Are All These Chemicals Found in a Banana?
About this rating
Photographs of various fruits accompanied by long lists of chemicals crafted in the style of ingredients labels have been a fixture on the internet since at least 2013, when they were created by James Kennedy, a high school chemistry teacher in Melbourne, Australia. His take on the banana is especially popular:
This graphic is an accurate representation of the chemical constituents of your average banana, information that can be verified with the USDA Agricultural Research Database, which compiles studies into the nutritional and chemical content of various food items.
Part of what Kennedy was trying to convey with his illustration was that even completely natural foods, when described scientifically, can sound unnatural and potentially unhealthy, as reported in the New York Times:
As a high-school chemistry teacher, I made these posters for my students as a visual introduction to our organic chemistry course. I want to erode the fear that many people have of ‘chemicals’, and demonstrate that nature evolves compounds, mechanisms and structures far more complicated and unpredictable than anything we can produce in the lab.
This poster series breaks down all the major ingredients in popular natural foods — using E-numbers and IUPAC names instead of common names where they exist. Anthocynanins, for example, which are said to give blueberries their “superfood” status, are also known as E163.

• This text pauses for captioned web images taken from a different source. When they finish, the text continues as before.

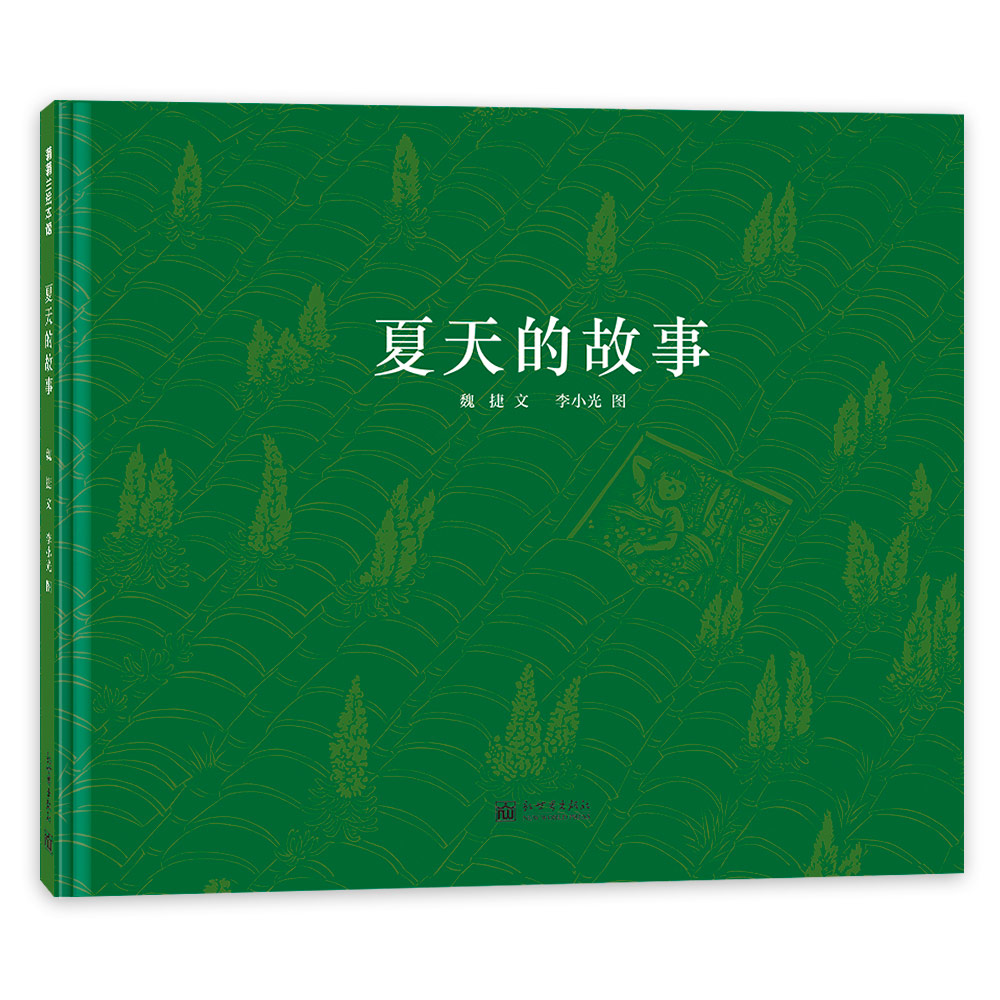 《夏天的故事》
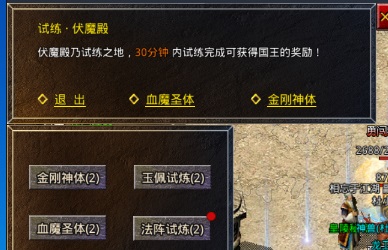 盟重英雄正版手游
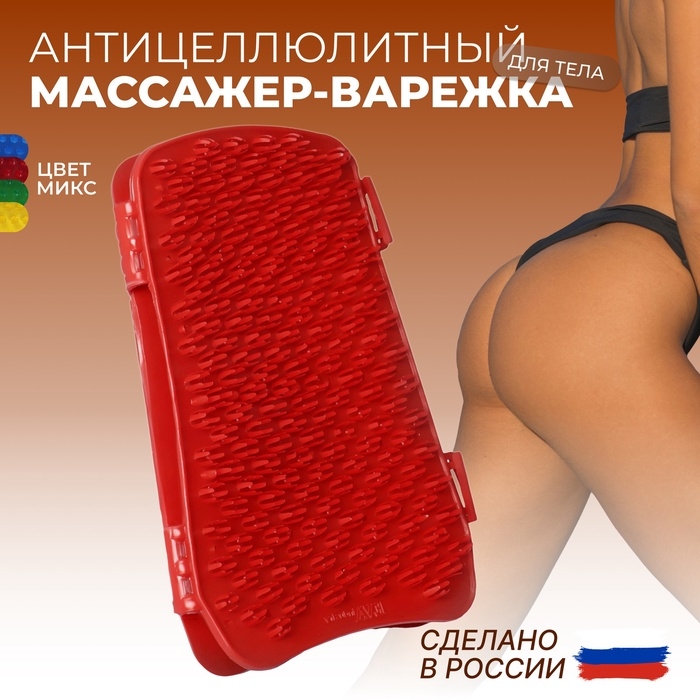 Массажёр антицеллюлитный &laquo;Рукавица&raquo;, 12 &times; 2 &times; 19 см, цвет МИКС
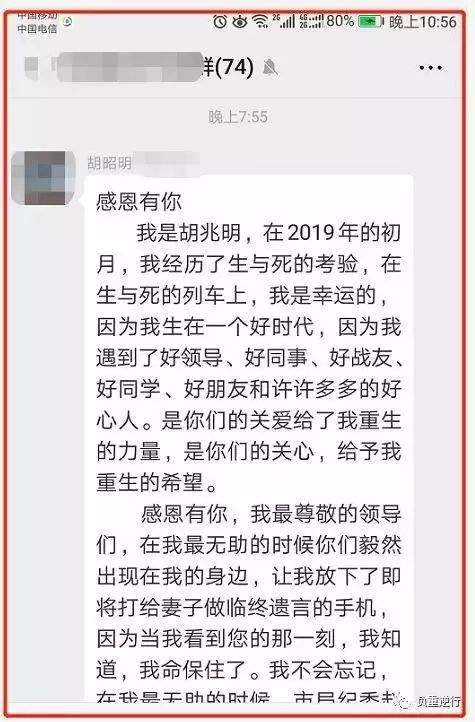 民警遭暴徒袭击果断开枪被记一等功！现场视频曝光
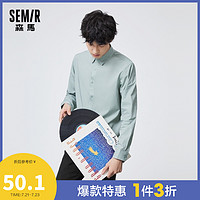 Semir 森马 2021简约纯色舒适棉质新款早春上衣商务休闲长袖衬衫男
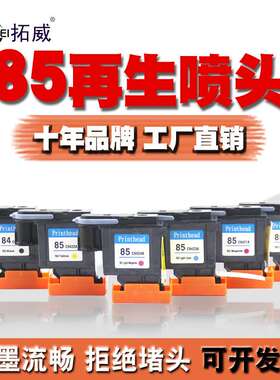 适用HP84/85打印头 C5019A C9420 30/90R/130再生喷头 墨水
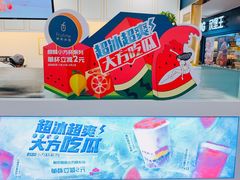-鲜果时间·果蔬茶(欧亚商都超市店)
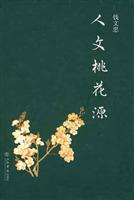 人文桃花源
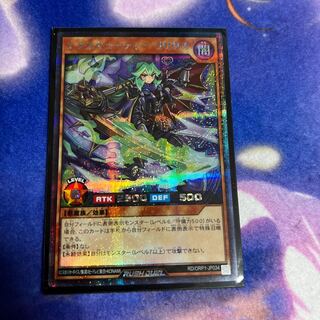 エクスキューティーリリウス　シク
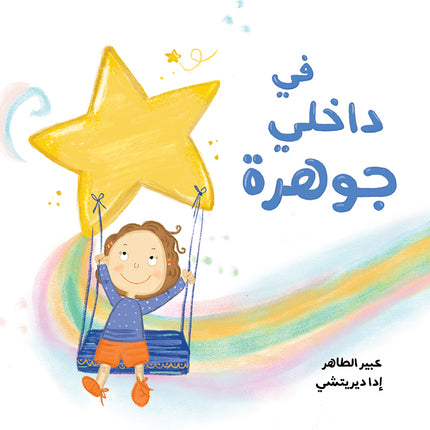 inside me is a gem arabic book kids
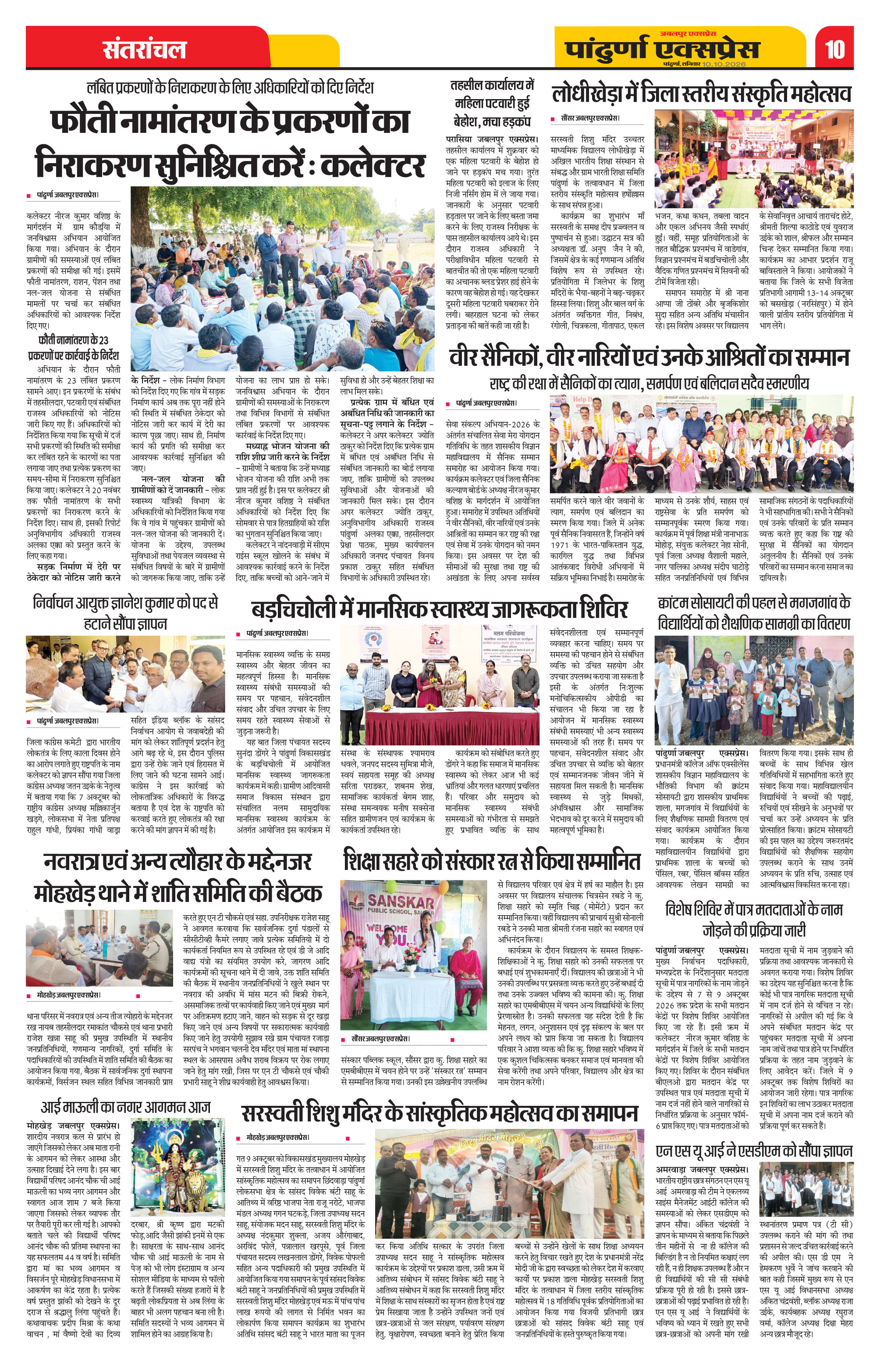 Page 10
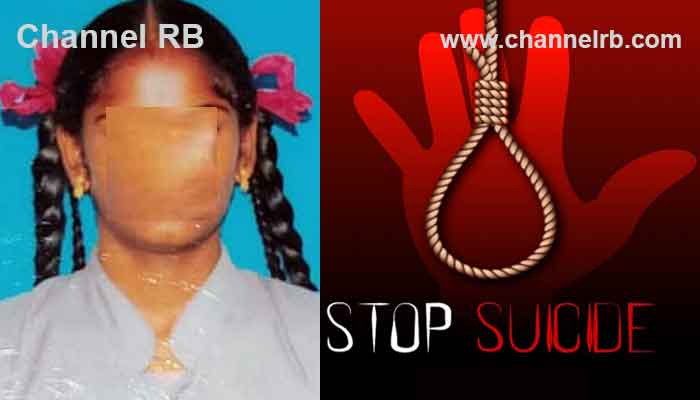 You are currently viewing കൗമാരക്കാരായ വിദ്യാര്‍ഥിനികളുടെ മരണങ്ങള്‍; തമിഴ്‌നാട്ടിൽ ഒരു പ്ലസ് വൺ വിദ്യാർഥിനികൂടി ജീവനൊടുക്കി, രണ്ടാഴ്‌ചക്കുള്ളിൽ നാലാമത്തെ ആത്മഹത്യ, ഇതിൽ മൂന്ന് മരണം കഴിഞ്ഞ രണ്ട് ദിവസങ്ങളിൽ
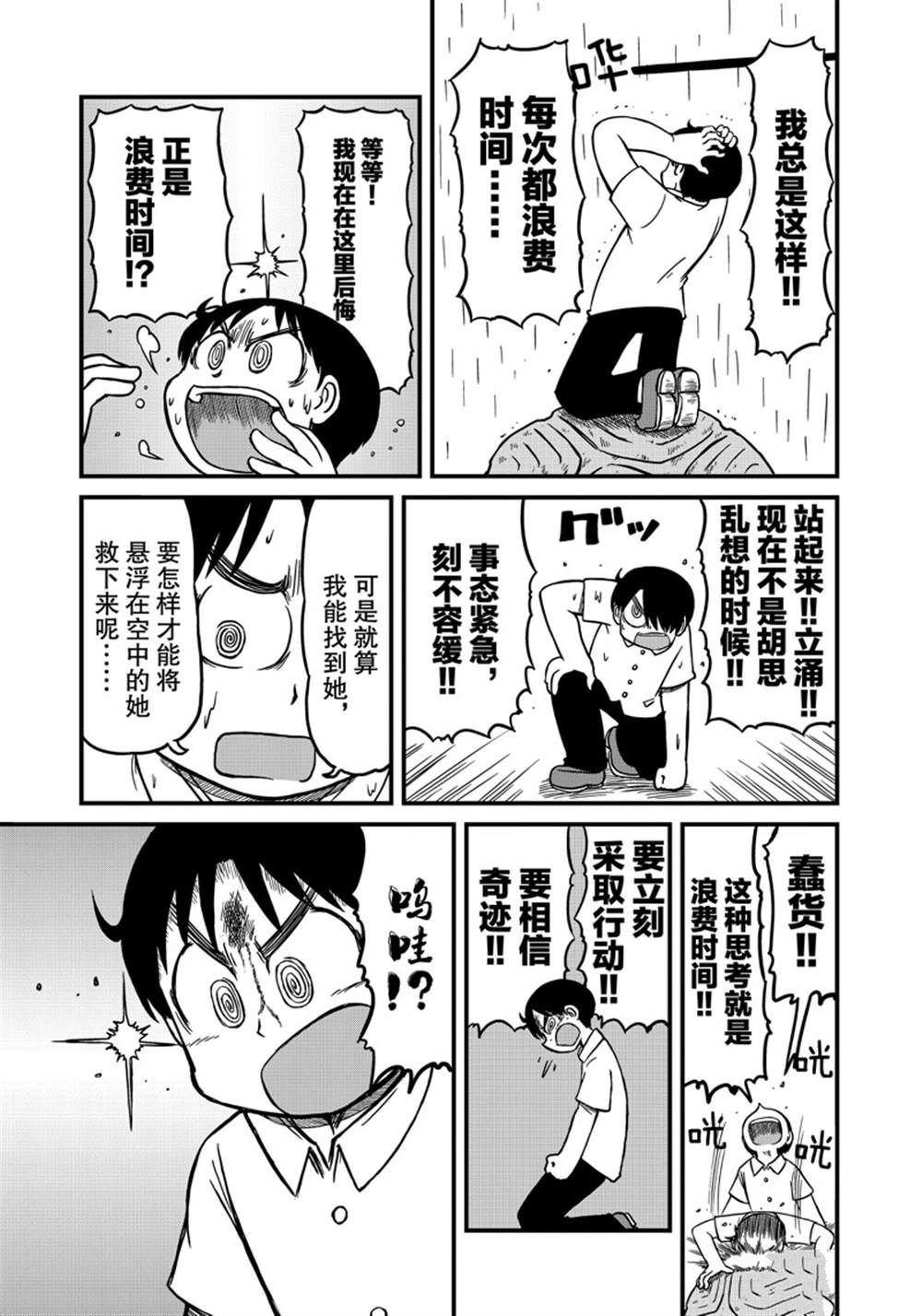 第151话 试看版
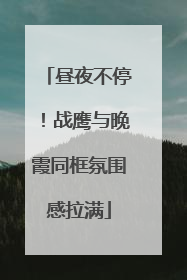 昼夜不停！战鹰与晚霞同框氛围感拉满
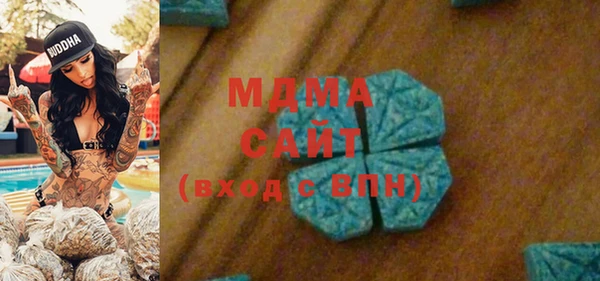 мяу мяу мука Навашино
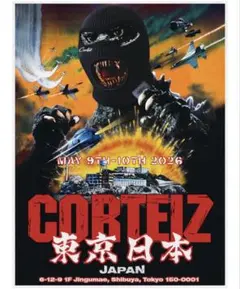 世界200個限定 Corteiz Tokyo Pop up日本限定ポスター - メルカリ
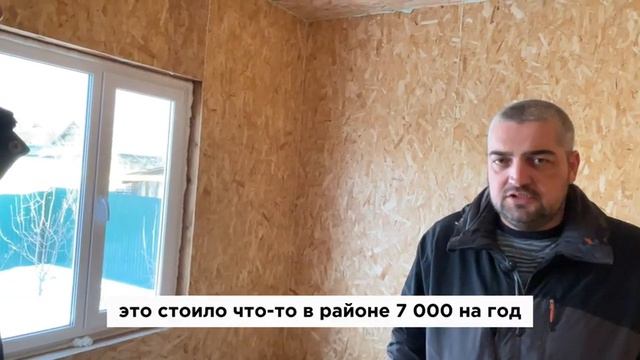 Реальный отзыв о доме из СИП панелей в Самаре 84 кв.м [12+] #сиппанели #домаизсиппанелей #отзыв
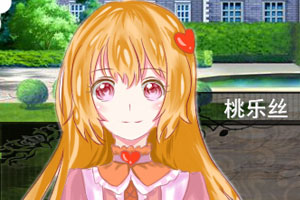 抖S少爷的事件簿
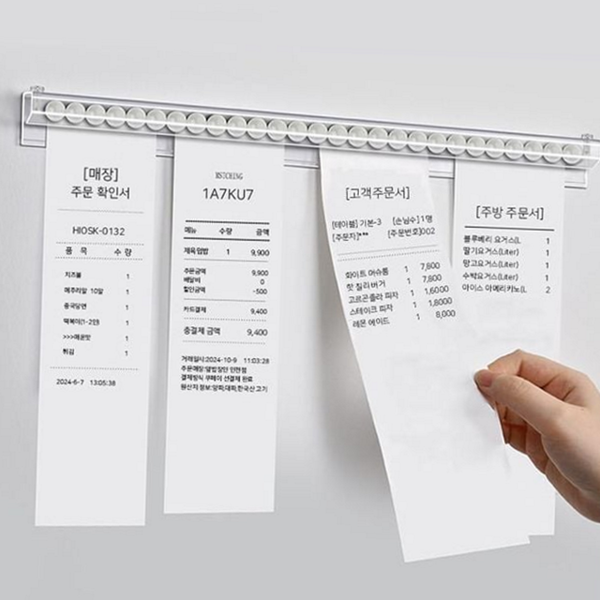 레일형 무타공 메모 홀더 클립형 메모지 홀더 영수증 주방용 식당 꽂이 주문서 정리함 메모판 - 상품 이미지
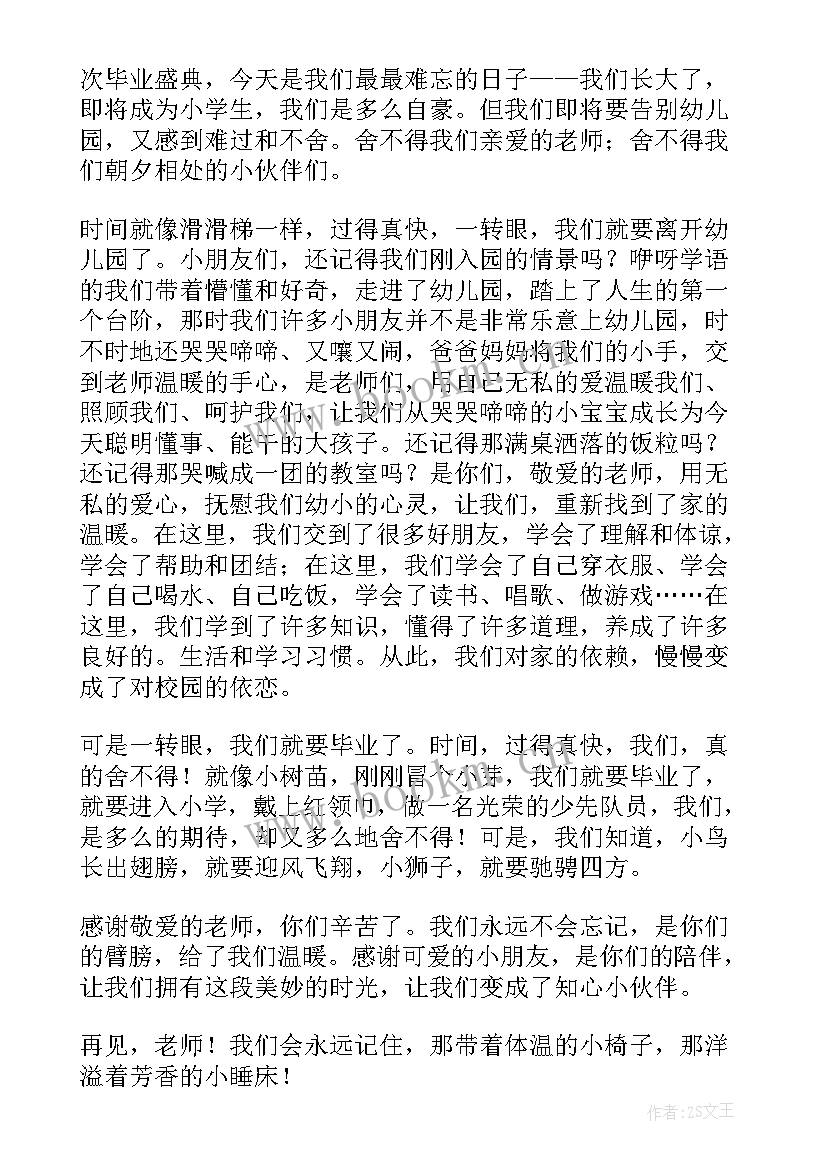 2023年幼儿园毕业生代表讲话串词 幼儿园毕业典礼代表讲话串词(汇总5篇)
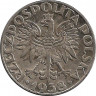 Реверс.Монета. Польша. 50 грошей 1938 год.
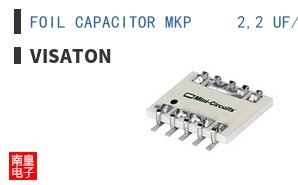 FOIL CAPACITOR MKP     2,2 UF/250V
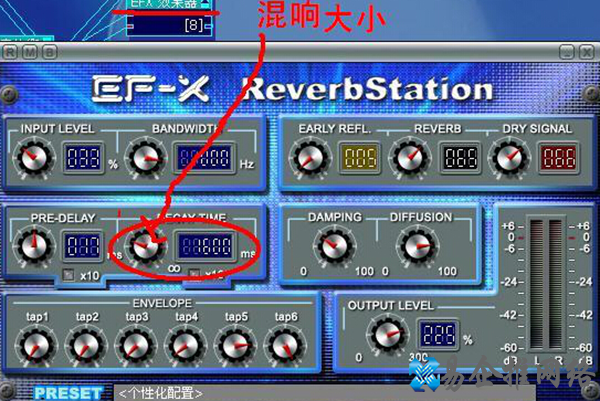 混响是什么 混响是什么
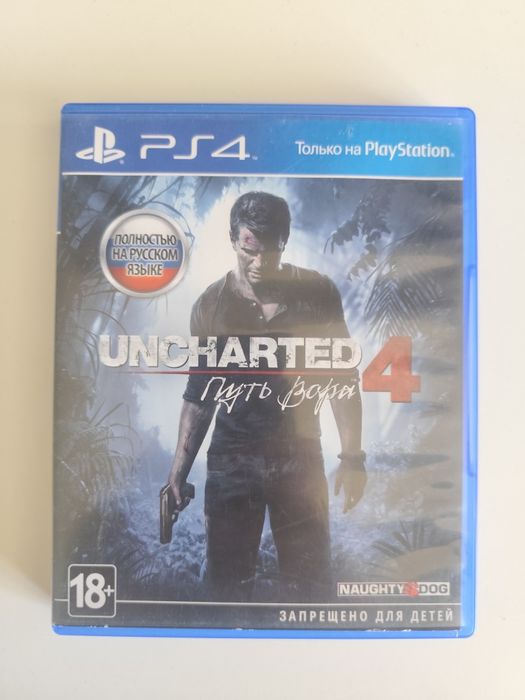 продам диски Sony Playstation4 ps5 игры Обмен
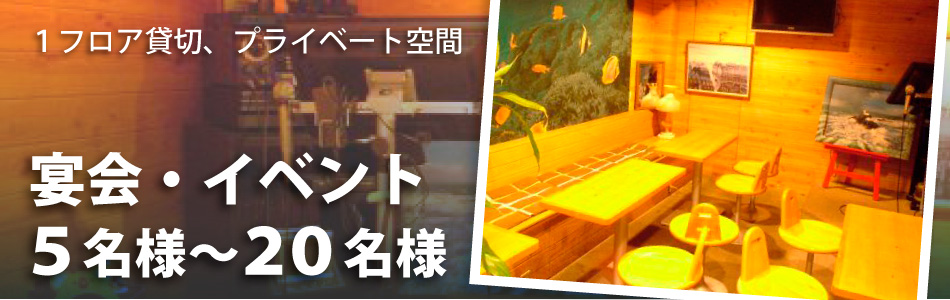 宴会・イベント５名様～２０名様
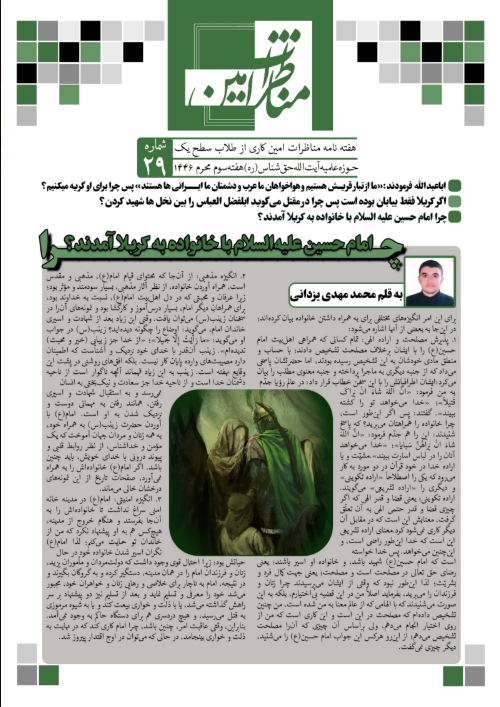 نشریه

If these ingredients are considered hierarchically, the banana sounds much more simple. Like all fruit, it contains water, sugars, starch, fiber, amino acids, fatty acids, minerals (i.e., ash), and chemicals that impart their coloring. Myriad names can be ascribed to the various different chemicals that fit these groups, and Kennedy used a variety of different nomenclatural methods to make that point.
The most common grouping of chemicals in the banana are sugars, and in this case the sugars are predominantly glucose and fructose, with lesser amounts of sucrose and maltose. After starch, a polysaccharide chemical found in abundance in plants, the next listed set of chemicals is fiber, another common group of carbohydrate chemicals.
Kennedy represented the fiber as a group of chemicals listed by their “E numbers”, which are codes assigned to substances permitted as food additives within the European Union. In reality, all of these chemicals are either cellulose (the most common chemical in plants) or various breakdown products of cellulose:
After the fiber, Kennedy listed amino acids, a group of simple chemicals ubiquitous to life on this planet. All the chemicals listed are present in bananas, according to the USDA. Fatty acids, the next group of chemicals, are similarly ubiquitous in nature, and all of those chemicals listed above are also found in bananas. Likewise, ash is another way of referring to the mineral content of a food item, and in this case Kennedy used a variety of different chemical-naming conventions to obscure the fact that each of them is commonly known by other names:
Similarly, the coloring agents -- all of which are natural -- might be better recognized by different names:
The remaining chemicals may sound intimidating, but they too are natural. E1510 is another name for ethanol, which forms naturally as fruit ferments. The final “natural ripening agent,” ethylene gas, might sound downright nefarious but actually represents a neat intersection of plant and food science. In nature, the gas is a plant hormone associated with aging that triggers the ripening process. In the food industry, the gas is used on industrial scales to ripen a variety of fruits and vegetables all at once.
In sum, this graphic accurately depicts the chemicals that comprise a banana, using a variety of tactics to make that completely natural food appear to be full of “chemicals” -- something originally created by a high school chemistry teacher as part of a lesson on chemophobia.